Hay quienes se llevan las manos a la cabeza en las capitales del Golfo. Porque saben que cada movimiento en este tablero se paga. Y Emiratos acaba de hacer uno muy grande. La pregunta que flota es si Riad, Doha o Mascate seguirán el mismo camino, o si prefieren el silencio ambiguo de quien no quiere ser ni diana ni escudo. O si quizá estén considerando seriamente que con quien hay que negociar es directamente con Irán, porque EEUU ya no es garantía de nada bueno.
3. Nadie soporta sentirse insignificante por mucho tiempo
Volvamos a la pregunta del principio. ¿Alguna vez te has sentido irrelevante?
Si respondiste sí o no, igual puede servirte saber que esa sensación no es eterna. También pasa. Nadie la soporta para siempre. Algunos se repliegan. Se encogen. Se convencen de que no hay nada que hacer y dejan que el mundo gire sin ellos. Otros estallan sin dirección, con furia, sin saber bien contra quién. Y otros —los que han entendido que la irrelevancia no es una condena sino una condición que se puede revertir— actúan.

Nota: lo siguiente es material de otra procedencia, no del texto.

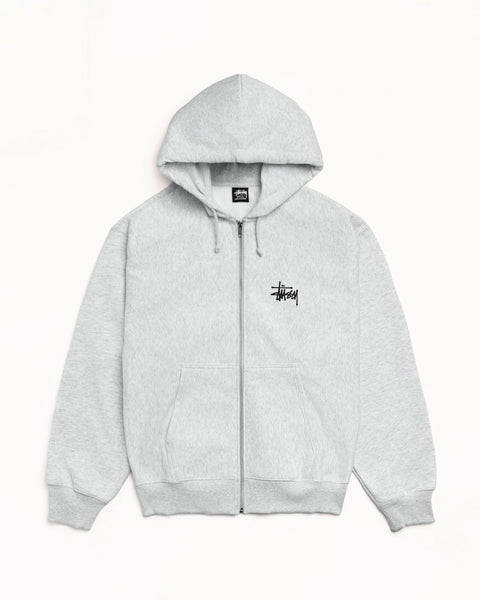 Basic Stüssy Zip Hoodie – Ash Heather | Sweats | Stüssy Korea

Esta semana, en la penumbra de los reflectores, vimos a varios de esos actores. Pakistán, ignorado por Trump pero indispensable para todos, mantuvo abierto el canal de mediación incluso cuando los grandes se retiraron. El canciller iraní Araghchi no se quedó esperando a que Washington lo invitara: se fue a San Petersburgo (Rusia), a Islamabad (Pakistán), a Mascate (Omán). Y simultáneamente, el Parlamento iraní avanza en una ley para reglamentar el paso por el estrecho de Ormuz conforme al derecho internacional. No es un cierre a la fuerza, es un acto de soberanía, como el de Turquía en los Dardanelos.
Parece que la actualidad busca enseñarnos que no hay que ser superpotencia para gozar de protagonismo. Quienes protagonizaron los titulares de los medios occidentales son los actores de siempre, con el maquillaje cada vez más cuarteado. Mientras los reflectores los cobijaban, hubo otros que con sigilo se movieron para garantizar respaldos. Sin espectáculo. Sin tuits en mayúsculas. Sin botellas descorchadas. Actuaron como quien se cansó de ser irrelevante y decidió hacer algo al respecto.
La pregunta que queda flotando no es qué harán ellos. Es qué haremos nosotros, los eternos irrelevantes de la geopolítica. Porque ese momento llega. Siempre llega. Y cuando llegue, ojalá recordemos que la diplomacia real —la que no hace ruido, la que no da titulares, la que no se anuncia con bombos ni platillos— siempre ha ocurrido, y sigue ocurriendo, en otra parte, como la vida, según aquella novela de Milan Kundera.